PROBLEM REQUIREMENTS —
What lines of the data include the string "Displays"? Copy them all.

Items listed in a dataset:
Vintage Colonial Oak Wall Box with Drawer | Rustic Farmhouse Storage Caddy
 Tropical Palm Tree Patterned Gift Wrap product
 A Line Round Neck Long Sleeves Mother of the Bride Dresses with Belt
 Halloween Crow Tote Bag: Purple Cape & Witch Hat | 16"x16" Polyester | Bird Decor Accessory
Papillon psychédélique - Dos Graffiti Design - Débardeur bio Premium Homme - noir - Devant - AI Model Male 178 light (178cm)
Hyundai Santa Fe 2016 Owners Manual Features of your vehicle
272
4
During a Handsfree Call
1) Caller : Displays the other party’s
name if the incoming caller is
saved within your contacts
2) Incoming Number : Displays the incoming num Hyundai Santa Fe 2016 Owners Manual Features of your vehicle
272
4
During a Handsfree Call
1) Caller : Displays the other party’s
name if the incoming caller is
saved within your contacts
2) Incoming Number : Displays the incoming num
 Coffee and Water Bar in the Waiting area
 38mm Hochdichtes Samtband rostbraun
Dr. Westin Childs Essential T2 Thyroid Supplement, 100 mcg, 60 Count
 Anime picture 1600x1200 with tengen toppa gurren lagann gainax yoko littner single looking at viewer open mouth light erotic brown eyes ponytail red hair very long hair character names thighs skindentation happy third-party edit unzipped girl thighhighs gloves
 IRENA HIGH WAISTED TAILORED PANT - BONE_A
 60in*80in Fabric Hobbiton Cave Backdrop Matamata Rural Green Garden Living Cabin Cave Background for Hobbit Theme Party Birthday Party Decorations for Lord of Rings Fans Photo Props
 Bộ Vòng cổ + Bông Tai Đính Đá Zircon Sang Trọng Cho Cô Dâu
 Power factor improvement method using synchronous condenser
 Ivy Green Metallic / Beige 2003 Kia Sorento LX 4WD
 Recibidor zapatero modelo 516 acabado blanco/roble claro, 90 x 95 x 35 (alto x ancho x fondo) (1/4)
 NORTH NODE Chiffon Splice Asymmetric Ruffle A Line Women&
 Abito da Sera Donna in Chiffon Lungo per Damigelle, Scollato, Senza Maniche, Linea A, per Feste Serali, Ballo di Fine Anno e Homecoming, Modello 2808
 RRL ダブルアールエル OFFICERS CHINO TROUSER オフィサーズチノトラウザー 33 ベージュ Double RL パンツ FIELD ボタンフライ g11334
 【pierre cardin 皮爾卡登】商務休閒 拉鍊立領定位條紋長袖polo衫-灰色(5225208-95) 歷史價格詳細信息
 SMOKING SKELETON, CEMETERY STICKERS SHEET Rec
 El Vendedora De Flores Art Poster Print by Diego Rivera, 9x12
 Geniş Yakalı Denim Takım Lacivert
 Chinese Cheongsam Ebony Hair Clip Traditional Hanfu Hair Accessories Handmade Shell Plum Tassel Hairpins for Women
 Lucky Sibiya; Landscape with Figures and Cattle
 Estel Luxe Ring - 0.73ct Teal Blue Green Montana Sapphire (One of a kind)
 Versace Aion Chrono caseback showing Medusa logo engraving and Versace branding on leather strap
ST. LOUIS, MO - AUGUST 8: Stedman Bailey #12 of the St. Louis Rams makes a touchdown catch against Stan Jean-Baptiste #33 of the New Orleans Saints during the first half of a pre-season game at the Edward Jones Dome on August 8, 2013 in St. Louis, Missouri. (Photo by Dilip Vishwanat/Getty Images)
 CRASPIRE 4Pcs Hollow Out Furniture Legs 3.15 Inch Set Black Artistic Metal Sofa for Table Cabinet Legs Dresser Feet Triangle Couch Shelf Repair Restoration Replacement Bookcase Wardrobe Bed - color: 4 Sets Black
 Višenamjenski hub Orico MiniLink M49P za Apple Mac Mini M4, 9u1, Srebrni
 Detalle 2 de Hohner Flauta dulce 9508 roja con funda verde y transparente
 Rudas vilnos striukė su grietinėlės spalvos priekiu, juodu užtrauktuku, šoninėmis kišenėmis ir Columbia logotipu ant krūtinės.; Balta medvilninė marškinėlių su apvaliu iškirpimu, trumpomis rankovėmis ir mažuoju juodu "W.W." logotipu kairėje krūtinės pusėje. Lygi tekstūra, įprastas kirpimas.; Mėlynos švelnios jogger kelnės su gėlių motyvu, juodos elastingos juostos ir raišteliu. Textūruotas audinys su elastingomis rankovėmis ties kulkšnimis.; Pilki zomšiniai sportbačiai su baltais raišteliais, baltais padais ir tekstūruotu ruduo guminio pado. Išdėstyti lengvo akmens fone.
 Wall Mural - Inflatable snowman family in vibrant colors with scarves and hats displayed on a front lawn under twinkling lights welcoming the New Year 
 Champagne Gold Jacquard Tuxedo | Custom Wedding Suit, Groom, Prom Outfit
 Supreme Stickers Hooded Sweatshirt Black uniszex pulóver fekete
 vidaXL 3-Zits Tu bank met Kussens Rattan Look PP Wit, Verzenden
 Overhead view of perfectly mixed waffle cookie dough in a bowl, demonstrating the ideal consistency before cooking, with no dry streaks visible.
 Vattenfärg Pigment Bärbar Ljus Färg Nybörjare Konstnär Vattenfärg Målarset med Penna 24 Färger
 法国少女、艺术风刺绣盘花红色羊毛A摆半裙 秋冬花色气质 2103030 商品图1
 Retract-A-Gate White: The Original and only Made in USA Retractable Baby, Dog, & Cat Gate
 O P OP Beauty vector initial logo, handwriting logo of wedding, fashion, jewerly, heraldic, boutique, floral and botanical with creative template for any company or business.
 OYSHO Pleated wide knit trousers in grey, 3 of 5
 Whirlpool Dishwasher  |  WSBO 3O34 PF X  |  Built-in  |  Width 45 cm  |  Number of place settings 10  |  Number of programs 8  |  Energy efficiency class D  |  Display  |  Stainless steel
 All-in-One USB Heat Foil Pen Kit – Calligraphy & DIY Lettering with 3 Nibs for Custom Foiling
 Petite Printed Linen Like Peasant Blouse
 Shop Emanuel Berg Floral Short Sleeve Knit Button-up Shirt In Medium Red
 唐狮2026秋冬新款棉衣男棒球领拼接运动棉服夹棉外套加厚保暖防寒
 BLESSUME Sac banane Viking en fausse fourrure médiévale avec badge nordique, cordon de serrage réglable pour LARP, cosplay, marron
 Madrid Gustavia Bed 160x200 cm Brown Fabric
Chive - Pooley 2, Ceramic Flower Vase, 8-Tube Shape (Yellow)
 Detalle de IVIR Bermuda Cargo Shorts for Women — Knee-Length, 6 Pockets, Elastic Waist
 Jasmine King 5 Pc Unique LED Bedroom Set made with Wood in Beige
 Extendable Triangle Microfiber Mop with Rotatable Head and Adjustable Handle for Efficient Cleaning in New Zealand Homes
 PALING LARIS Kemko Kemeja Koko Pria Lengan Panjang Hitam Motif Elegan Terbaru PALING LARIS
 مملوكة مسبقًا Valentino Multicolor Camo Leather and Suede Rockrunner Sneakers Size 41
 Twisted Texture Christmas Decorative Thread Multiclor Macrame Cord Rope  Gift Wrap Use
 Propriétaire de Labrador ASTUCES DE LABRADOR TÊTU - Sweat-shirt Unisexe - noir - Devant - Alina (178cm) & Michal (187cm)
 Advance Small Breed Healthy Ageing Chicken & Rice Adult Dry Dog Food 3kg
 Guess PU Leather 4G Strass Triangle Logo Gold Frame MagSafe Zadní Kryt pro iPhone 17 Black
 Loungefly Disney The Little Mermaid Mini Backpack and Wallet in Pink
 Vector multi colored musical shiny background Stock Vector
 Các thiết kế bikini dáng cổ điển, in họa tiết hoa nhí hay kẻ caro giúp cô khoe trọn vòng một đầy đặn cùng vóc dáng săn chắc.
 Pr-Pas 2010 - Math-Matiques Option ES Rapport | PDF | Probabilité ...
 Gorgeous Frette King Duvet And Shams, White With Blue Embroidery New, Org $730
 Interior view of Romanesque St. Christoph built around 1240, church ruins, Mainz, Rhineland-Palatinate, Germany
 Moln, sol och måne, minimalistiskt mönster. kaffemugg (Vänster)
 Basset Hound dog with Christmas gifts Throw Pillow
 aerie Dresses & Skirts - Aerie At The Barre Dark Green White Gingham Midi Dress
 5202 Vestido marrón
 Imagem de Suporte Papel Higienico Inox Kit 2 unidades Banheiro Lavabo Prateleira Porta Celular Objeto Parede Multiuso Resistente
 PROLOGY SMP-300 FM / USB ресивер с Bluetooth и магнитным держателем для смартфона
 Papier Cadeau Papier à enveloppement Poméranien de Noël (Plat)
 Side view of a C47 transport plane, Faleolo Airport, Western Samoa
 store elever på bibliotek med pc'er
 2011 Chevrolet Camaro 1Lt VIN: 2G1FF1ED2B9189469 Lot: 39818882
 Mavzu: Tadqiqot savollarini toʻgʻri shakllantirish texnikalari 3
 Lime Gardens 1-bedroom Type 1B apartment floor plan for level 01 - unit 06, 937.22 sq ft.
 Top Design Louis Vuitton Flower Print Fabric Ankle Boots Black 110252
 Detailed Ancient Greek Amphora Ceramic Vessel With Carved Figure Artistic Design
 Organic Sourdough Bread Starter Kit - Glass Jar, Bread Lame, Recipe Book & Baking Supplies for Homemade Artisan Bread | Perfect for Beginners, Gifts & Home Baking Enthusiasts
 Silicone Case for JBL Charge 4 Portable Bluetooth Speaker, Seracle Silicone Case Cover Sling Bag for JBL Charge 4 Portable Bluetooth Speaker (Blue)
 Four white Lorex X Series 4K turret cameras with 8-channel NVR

RESPONSE FOR THIS EXERCISE —
1) Caller : Displays the other party’s
2) Incoming Number : Displays the incoming num Hyundai Santa Fe 2016 Owners Manual Features of your vehicle
1) Caller : Displays the other party’s
2) Incoming Number : Displays the incoming num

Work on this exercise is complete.